Improve compression speed through data preloading and reordering of search range upper bound check #1666

BiplabRaut · 2025-10-23T10:25:45Z

- Data is preloaded for byte matching within the inner loop in LZ4_compress_generic_validated.
- Order of LZ4_DISTANCE_MAX check for match is changed to allow better branch predictor behavior for noDict directive.

Cyan4973 · 2025-10-23T13:05:48Z

On which platforms is this PR presumed to be beneficial ?
Please document the expected gains in these cases
Are there other platforms on which this patch is suspected to be detrimental ?

Cyan4973

The asan / valgrind errors are very consequential.
They must be fixed before moving the patch forward.
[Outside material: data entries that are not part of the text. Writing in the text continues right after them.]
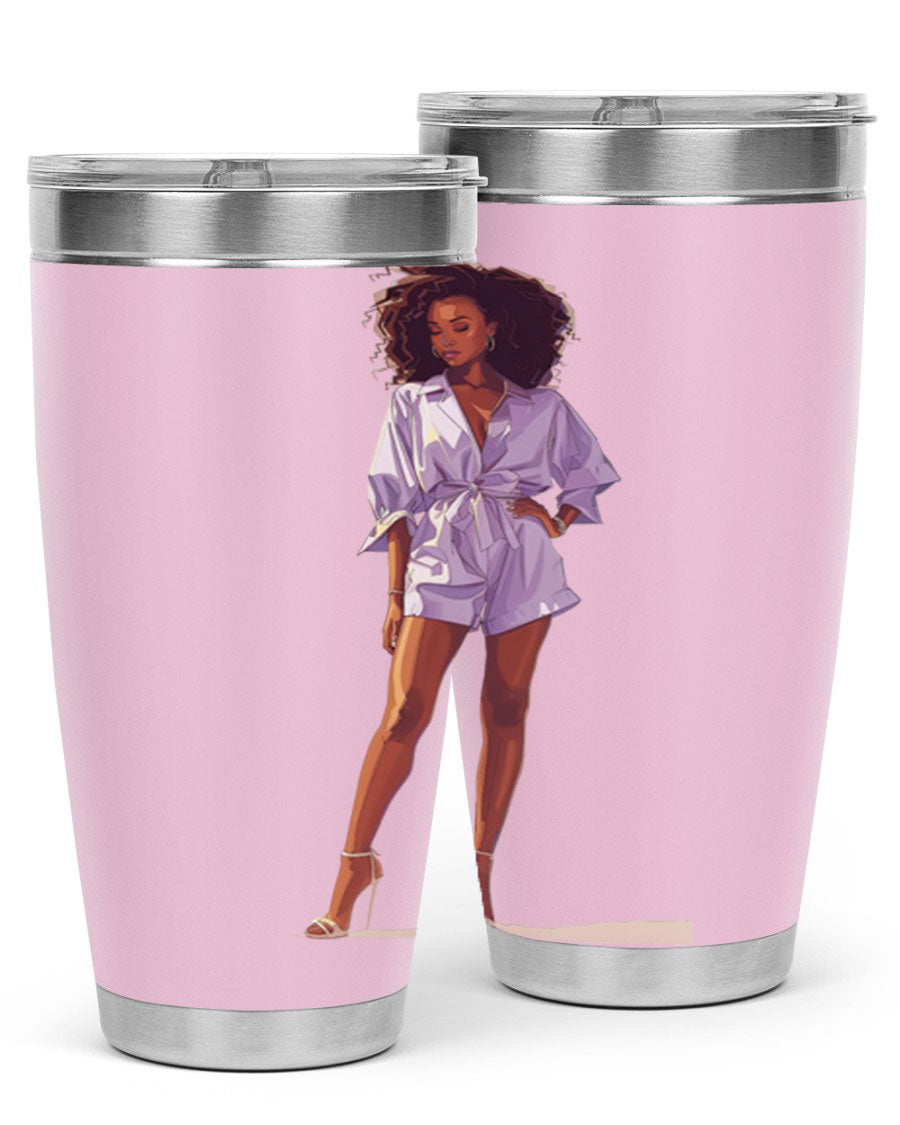 Fashion girl wearing a lavender cotton tank top, showcasing a stylish and comfortable design perfect for casual wear.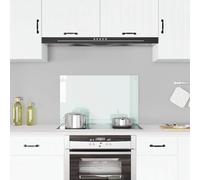 vidaXL Protección salpicaduras cocina vidrio templado color leche 80x50 cm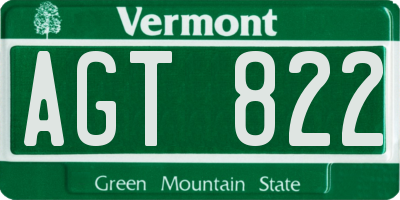 VT license plate AGT822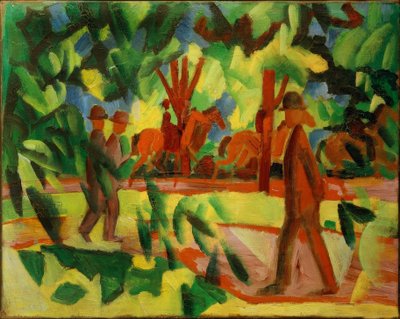 Lovasok és sétálók a sugárúton alkotó: August Macke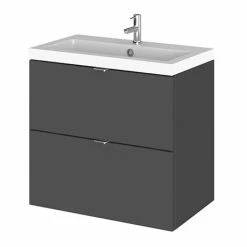 Hudson Reed 600mm Gloss Grey Full Depth Wall Hung 2-Drawer Unit & Basin
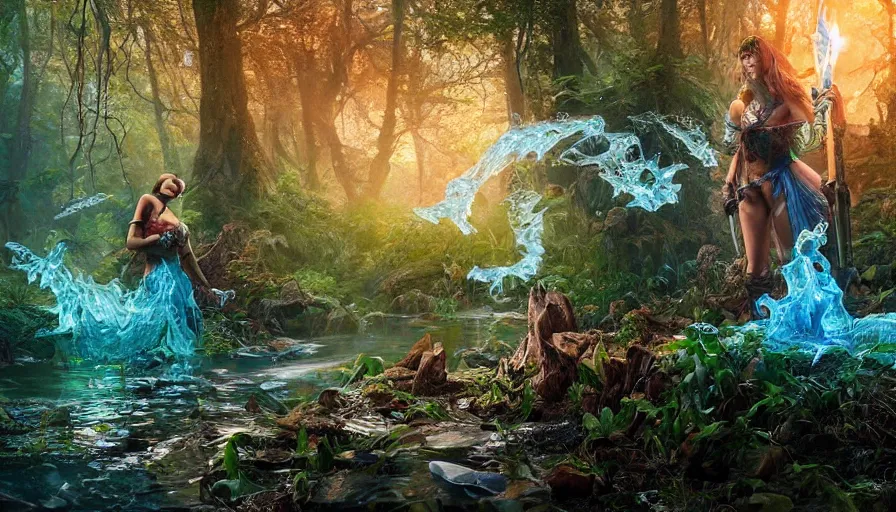 Image similar to high definition photograph fantasy scene art, hyper realistic, hyperrealism, iridescence water, woody foliage, 8 k dop dof hdr female fantasy character art, by aleski briclot and alexander'hollllow'fedosav and laura zalenga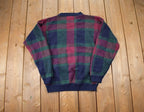 Vintage 1990s Hunt Club Cable Plaid Knit Crewneck Sweater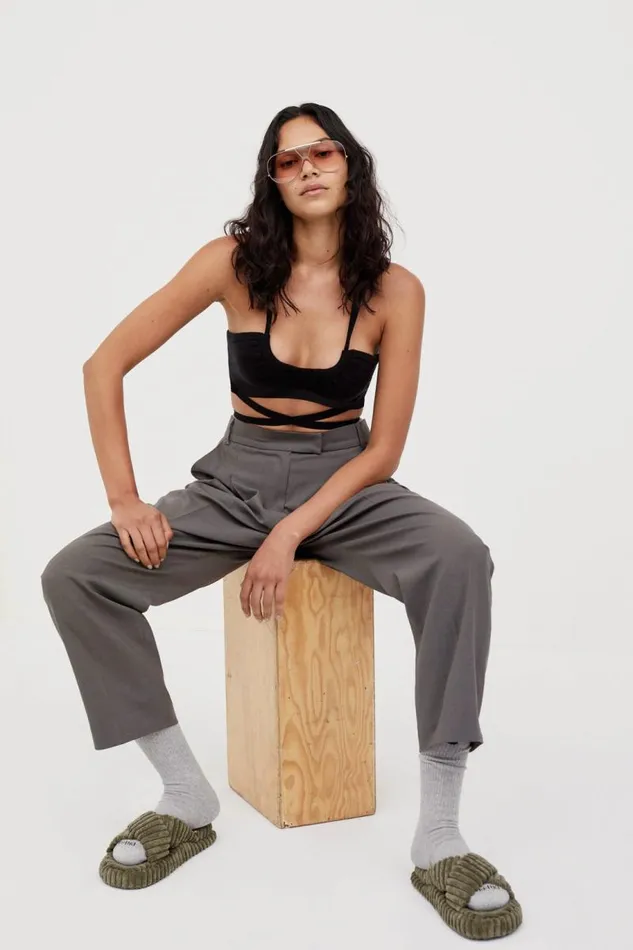 For Love and Lemons Tops Jourdin Tie Crop Top Black 8211 Women For Love and Lemons Tops Jourdin Tie Crop Top Black 8211 Women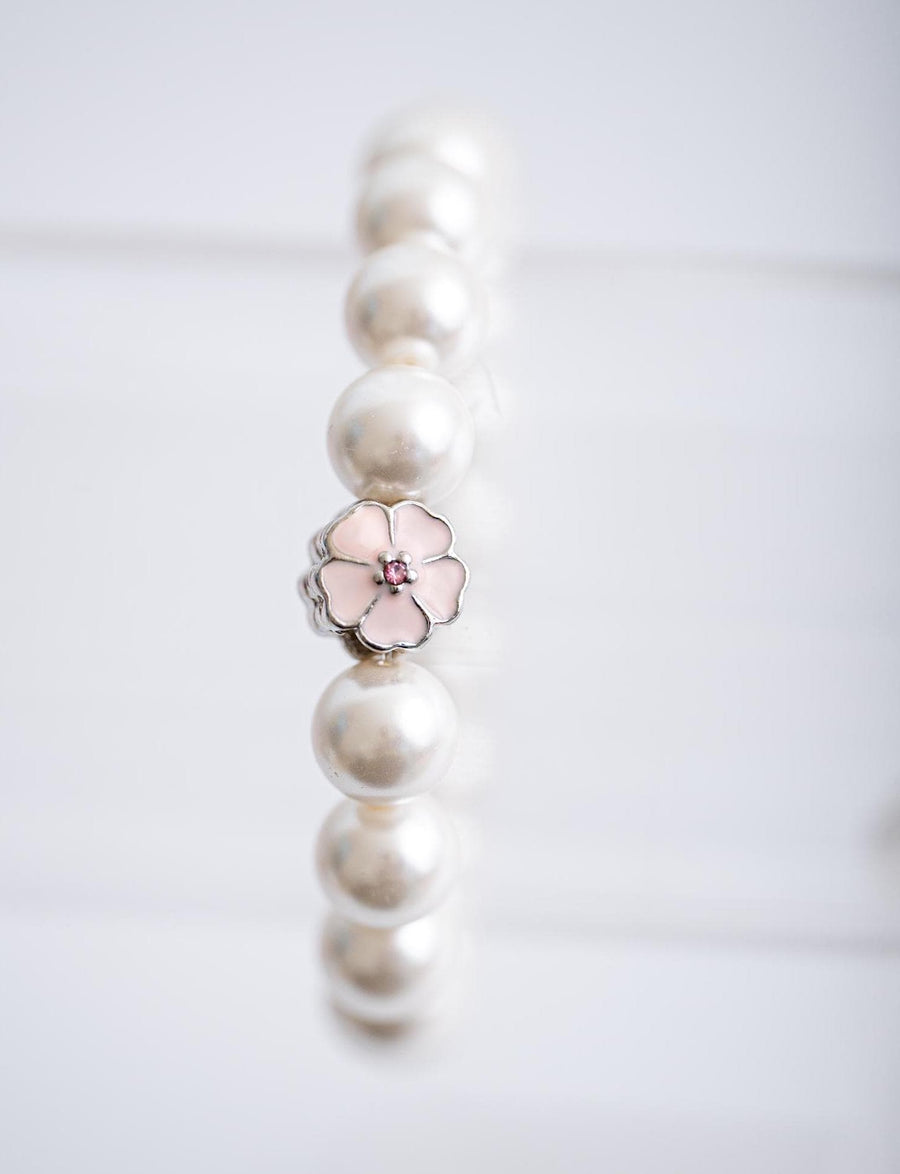 The Secret Garden Pearl & Pink Floral Stretchy Bracelet
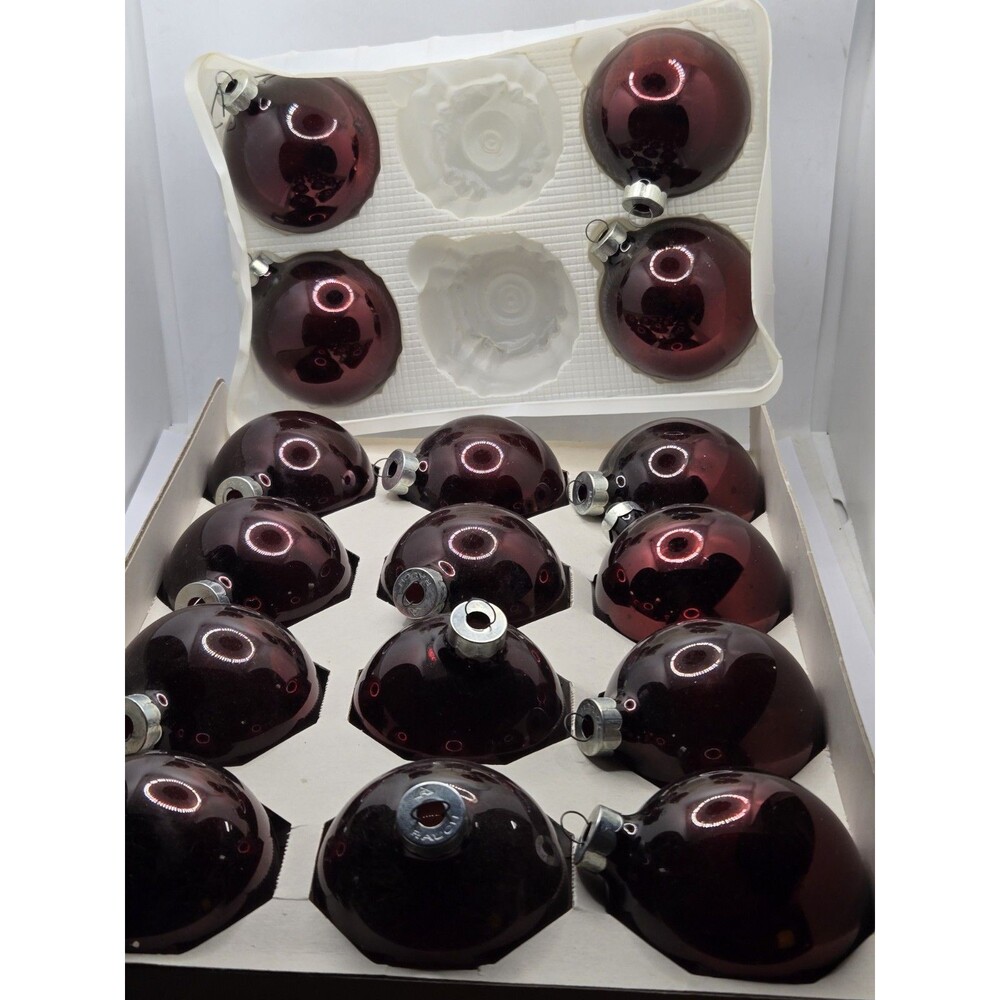 Vintage Set of 18 Rauch Multicolor Glass Balls Christmas Tree Ornaments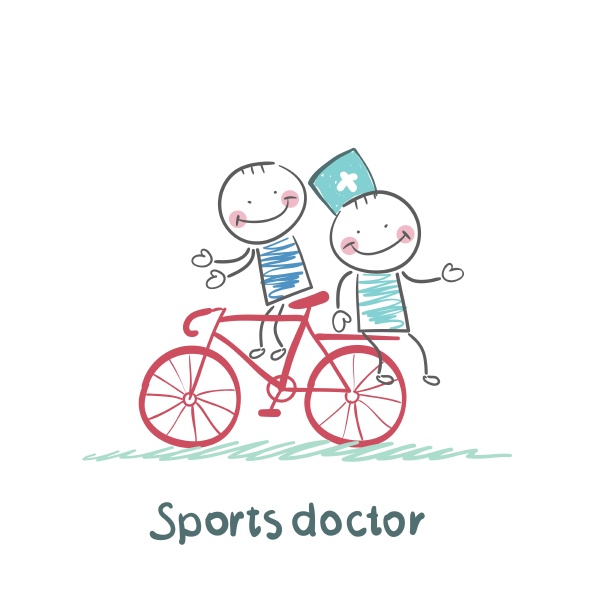 sports doctor rides a bicycle with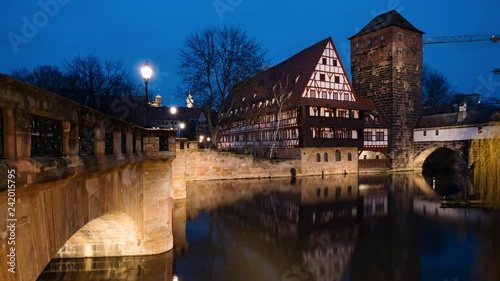 Day to night timelapse of Nuremberg, Germany photo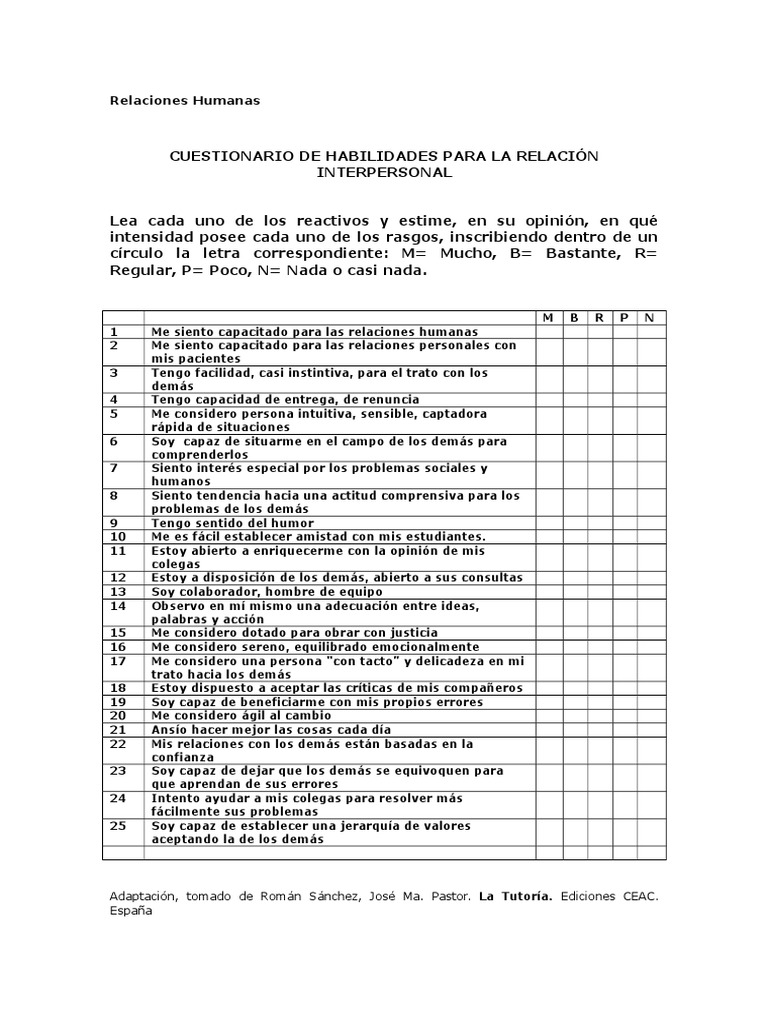 Instrumento de Relaciones Interpersonales | PDF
BiplabRaut · 2025-11-01T08:09:40Z

The asan / valgrind errors are very consequential. They must be fixed before moving the patch forward.

Hi Yann,
The issues have been fixed and all the tests are now passing. Thanks

BiplabRaut · 2025-11-01T08:34:13Z

On which platforms is this PR presumed to be beneficial ?

Please document the expected gains in these cases

Are there other platforms on which this patch is suspected to be detrimental ?

The code change adds two types of optimizations to speed up compression (also mentioned in the commit log message) :

Prefetching of input and match bytes by accessing them before they get used for comparison
Delay the condition checking involving LZ4_DISTANCE_MAX for noDict case for helping branch prediction.

These optimizations help compression speed on x86 CPUs in general and may also extend the performance benefits to Arm CPUs (although not tested).
As these changes are mostly generic memory and code optimizations without any assembly/architecture specific changes, so we don't expect any platforms to suffer in any way.

In our tests on Zen4 and Zen5 based AMD CPUs, we observed the below performance benefits (with GCC 14.2) :
8.8% compression speed up for Silesia
13% compression speed up for freeBSD

Thanks.

BiplabRaut · 2025-11-19T03:27:28Z

HI @Cyan4973 , can you please take up this PR for review

Cyan4973 · 2025-11-26T18:28:08Z

build/make/lz4defs.make

+# LZ4_compress_generic_validated and better branch predictor behavior for noDict directive.
+
+
+USEROPTIONALFLAGS = -DAOCL_PRELOAD_BRANCH_OPT=1


nit: I have a preference for :

USEROPTIONALFLAGS ?= -DAOCL_PRELOAD_BRANCH_OPT=1

so that USEROPTIONALFLAGS can also be set via environment variable (on top of command line argument, which remains higher priority).

Also: if the patch is beneficial to some targets and detrimental to others, we might have some conditional platform logic to implement here.

Hi @Cyan4973, we have modified it based on your comment. Thanks

Cyan4973 · 2025-11-26T18:33:07Z

HI @Cyan4973 , can you please take up this PR for review

Hi @BiplabRaut ,

sorry, we had some consequential activity to deal with these past few weeks.

Back to some reasonable availability.

I guess the questions asked at the beginning of this post remain valid:

On which platforms is this PR presumed to be beneficial ?
I'm presuming AMD, but maybe only "recent" cpus, or maybe x64 in general.
Please document the expected gains for these known cases
Are there other platforms (like arm) to check to ensure this patch (which is currently applied unconditionally) is not detrimental ?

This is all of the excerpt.